Con los ojos llenos de lágrimas volvió sigilosamente a su habitación y cerró la puerta, con sus emociones convertidas en una mezcla de pensamientos caóticos.


Todo ese tiempo había estado pensando con rencor de Pedro, creyendo que él estaba loco. El se había introducido en su vida negándose a escuchar cuando ella le dijo en todas las formas que conocía que no quería saber nada con él. 


La había secuestrado, obligándola a quedarse donde no quería, obligándola a quedarse con él, insistiendo en que un día se casarían. Le había demostrado que ella no era tan invulnerable como había pensado, había actuado como un macho completo y dominante, ¡y ahora tenía que hacer eso!

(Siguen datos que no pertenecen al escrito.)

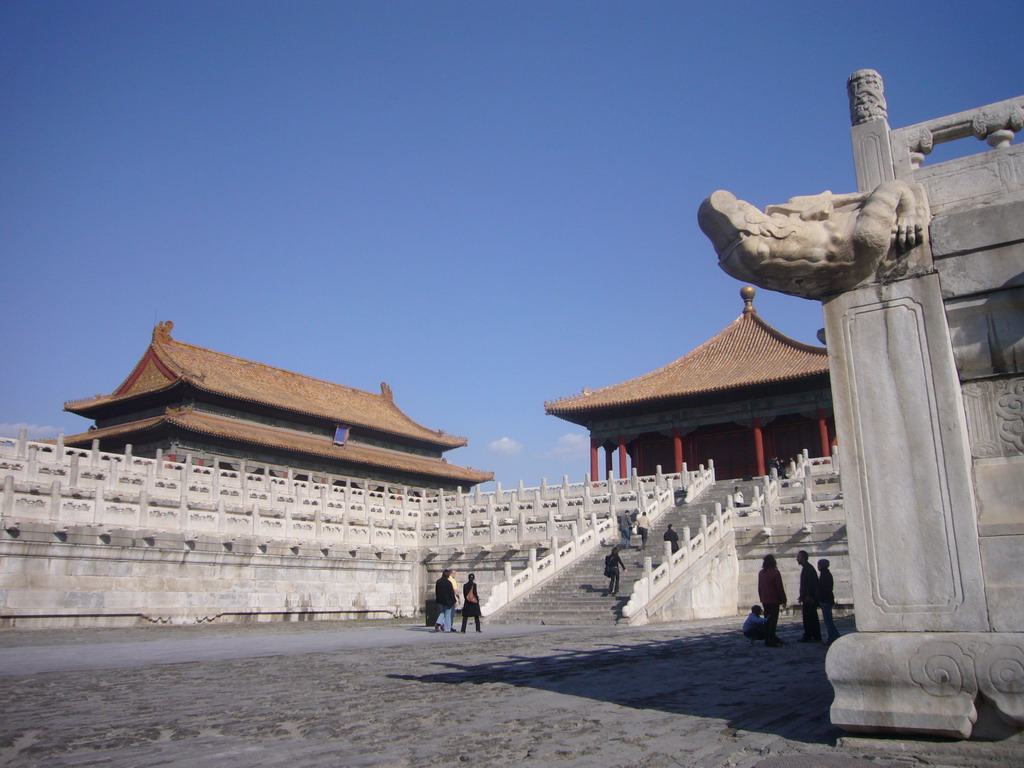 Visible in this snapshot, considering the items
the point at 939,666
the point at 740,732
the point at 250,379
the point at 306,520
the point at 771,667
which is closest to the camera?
the point at 939,666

En todos los hombres había un Jekill y un Hyde, pero ella había comprobado que siempre mostraban al mundo su lado mejor. Igual que David, se reservaban sus verdaderas personalidades para los momentos privados y eso no era nada elogiable. Según lo que le contó su madre, su padre había sido igual. Paula no recordaba mucho de él, pero sí recordaba que había sido la vida de todas las fiestas, riendo, bromeando, platicando con sus amigos, pero cuando se quedaban solos los miembros de la familia, él perdía todas las ganas de hablar y se tornaba hosco, hostil. Su madre sólo había sugerido el infierno privado que la hacía vivir cuando no estaba presente la hija, pero Paula podía imaginárselo muy bien.

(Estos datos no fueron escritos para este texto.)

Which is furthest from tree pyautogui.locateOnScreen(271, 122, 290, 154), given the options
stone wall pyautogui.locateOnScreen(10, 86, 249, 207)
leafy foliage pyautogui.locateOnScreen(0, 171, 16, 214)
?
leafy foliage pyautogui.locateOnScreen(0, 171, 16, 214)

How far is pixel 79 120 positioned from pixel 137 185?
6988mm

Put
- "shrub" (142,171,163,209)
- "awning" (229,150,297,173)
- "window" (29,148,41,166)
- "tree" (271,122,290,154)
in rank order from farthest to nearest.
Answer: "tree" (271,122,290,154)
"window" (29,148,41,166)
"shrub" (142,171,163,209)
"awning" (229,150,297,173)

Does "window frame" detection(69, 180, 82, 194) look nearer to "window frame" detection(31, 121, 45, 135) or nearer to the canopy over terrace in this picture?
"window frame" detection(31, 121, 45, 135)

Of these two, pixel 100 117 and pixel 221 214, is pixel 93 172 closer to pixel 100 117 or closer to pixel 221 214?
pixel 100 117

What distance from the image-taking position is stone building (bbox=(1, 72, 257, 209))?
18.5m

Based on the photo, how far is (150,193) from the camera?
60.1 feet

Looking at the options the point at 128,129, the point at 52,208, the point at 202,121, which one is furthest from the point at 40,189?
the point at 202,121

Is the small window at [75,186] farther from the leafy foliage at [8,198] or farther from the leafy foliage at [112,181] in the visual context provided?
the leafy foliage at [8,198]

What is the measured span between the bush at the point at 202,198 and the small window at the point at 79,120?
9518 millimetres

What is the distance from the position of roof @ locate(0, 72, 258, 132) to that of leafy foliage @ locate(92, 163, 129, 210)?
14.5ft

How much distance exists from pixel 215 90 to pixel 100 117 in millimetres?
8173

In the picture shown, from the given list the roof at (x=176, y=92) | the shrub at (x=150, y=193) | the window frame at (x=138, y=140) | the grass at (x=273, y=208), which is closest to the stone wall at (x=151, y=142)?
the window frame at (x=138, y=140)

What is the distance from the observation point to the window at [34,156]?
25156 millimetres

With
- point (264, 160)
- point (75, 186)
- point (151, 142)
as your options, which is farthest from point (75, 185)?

Y tratando de encontrar a alguien que fuera lo opuesto a su padre había caído en la trampa de cometer la misma equivocación.


¡Pero Pedro! ¡Maldición, era todo tan confuso! 


Pedro era diferente. Su aspecto privado era bondadoso, aunque con ello no quería decir que hubiera sido rudo con ella, de ningún modo. Sólo se había mostrado insistente, con esa terca determinación a obtener lo que quería.


Y ella, hasta cierto punto, había hecho lo que él quería. Oh, había presentado una buena batalla, había discutido, usado todos los medios aprendidos a lo largo de sus años de soledad para combatir lo que, si era sincera consigo misma, tenía que admitir que era atracción. ¡Y lo que había sucedido la segunda noche en esta cabaña! Pero se había quedado. Y en realidad, no podía decir que era porque él se negaba a darle las llaves. Como había comprendido más temprano, durante los últimos tres días la idea de escapar no la atraía tanto como al principio.


¡Ahora tenía que suceder esto! Paula ahuecó sus almohadas y se las puso debajo del mentón. 


¿Por qué a veces la vida tenía que ser tan difícil? Ella era perfectamente feliz, se manejaba satisfactoriamente en su propio mundo. ¡Y entonces tuvo que aparecer él para volver todo del revés!


¡Y el comentario que había hecho él acerca de que era una solitaria todavía dolía! ¡Ella no era una solitaria, era independiente! ¡No necesitaba de nadie!


Una pequeña arruga apareció en la frente de Paula. ¿Por qué esas palabras empezaban a sonar un poco vacías, hasta un poco falsas? Le dio a la almohada otro puñetazo de disgusto.